El ejemplo de la crisis asiática de 1997, con sus ataques especulativos, que buscaban introducir reformas estructurales, primero contra Tailandia y luego contra el conjunto de los países del sudeste asiático, permite desplegar la lista de actores: Estados Unidos, único Estado-nación que puede ser «representado» por su omnipresente institución financiera (la Reserva Federal); el Fondo Monetario Internacional (FMI) y el Banco Mundial (BM) (organismos internacionales); los fondos de inversión (multinacionales privadas); Standard & Poor’s y Moody’s (agencias de evaluación no estatales).

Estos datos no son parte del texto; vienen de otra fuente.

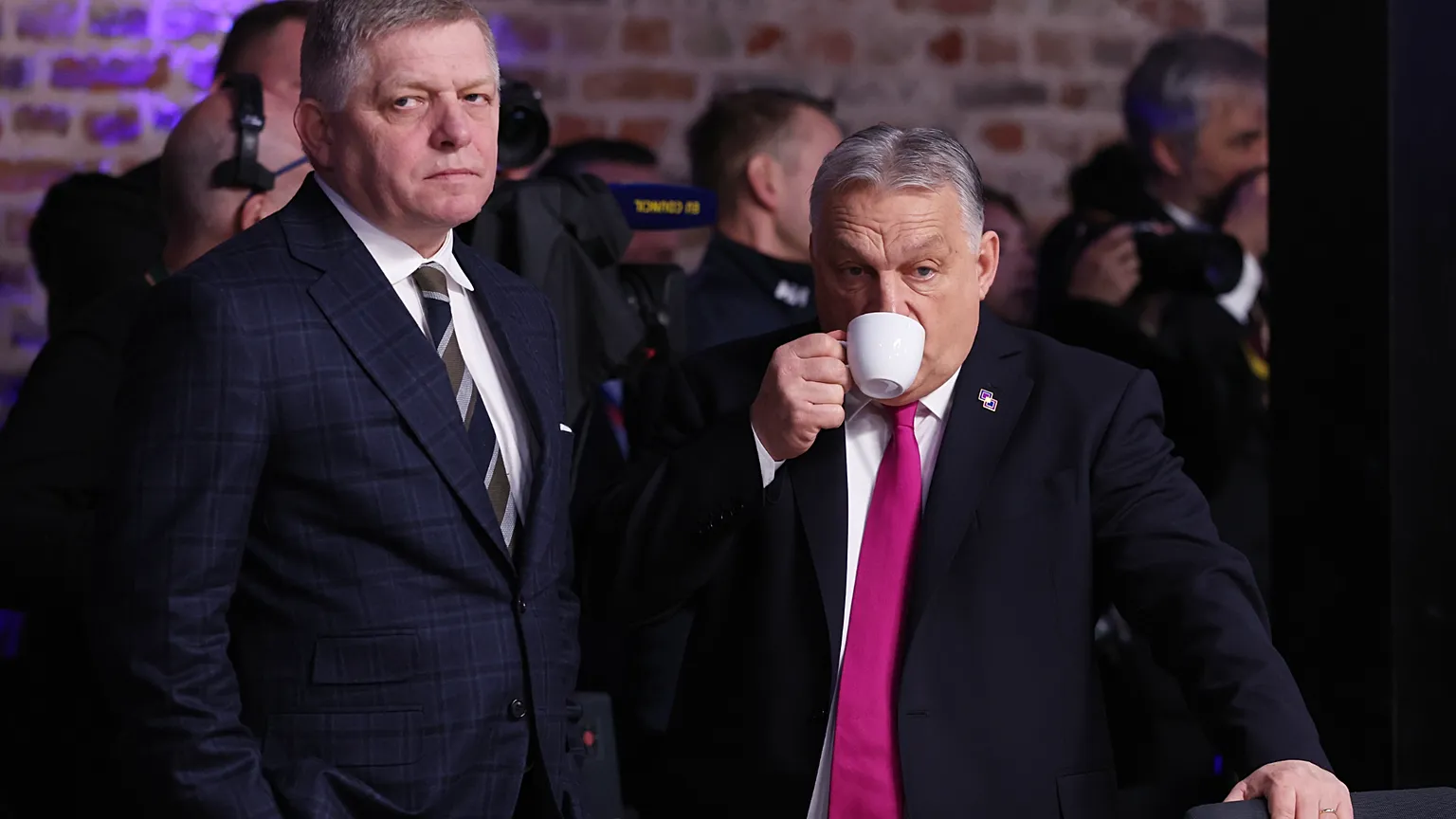 Hungary's Prime Minister Viktor Orban, right, speaks with Slovakia's Prime Minister Robert Fico during a round table meeting for the EU summit at Alden Biesen Castle in Bilzen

El poder ejecutivo real representa la identidad realizada entre economía, política y ámbito militar, una síntesis que está transformando radicalmente «el aspecto bélico e, incluso, la naturaleza militar de la guerra, que no había cambiado desde la Antigüedad», para dar paso al arma hiperestratégica de las finanzas. La máquina de guerra resultante no es una instancia de regulación, sino que detenta el poder de programar y ejecutar la nueva guerra civil que algunos militares (sir Rupert Smith, por ejemplo) definen como guerra dentro de la población (war amongst the people).

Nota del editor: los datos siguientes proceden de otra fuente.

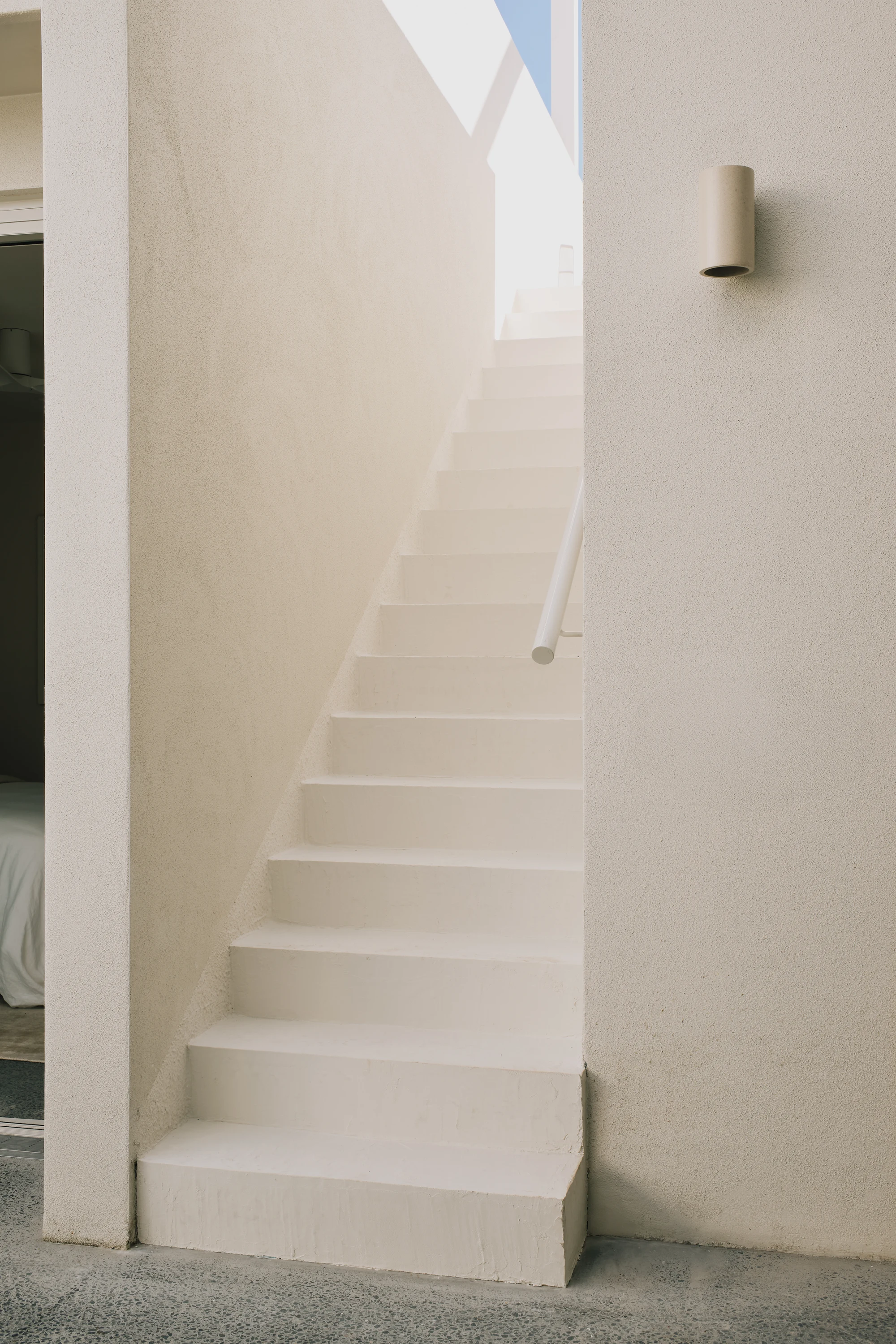 White staircase beneath a tall sunlit void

Este nuevo tipo de poder ejecutivo es el que hemos visto actuando, en su versión no militar, durante la crisis de la deuda griega. Los organismos multinacionales, como el FMI y el Banco Central Europeo, no deben responder ante los pueblos –ni siquiera ante los Estados– por la violencia y la arbitrariedad de sus decisiones, sino ante las instituciones financieras transnacionales, que son hoy el vector principal de multiplicación de las guerras civiles contra las poblaciones.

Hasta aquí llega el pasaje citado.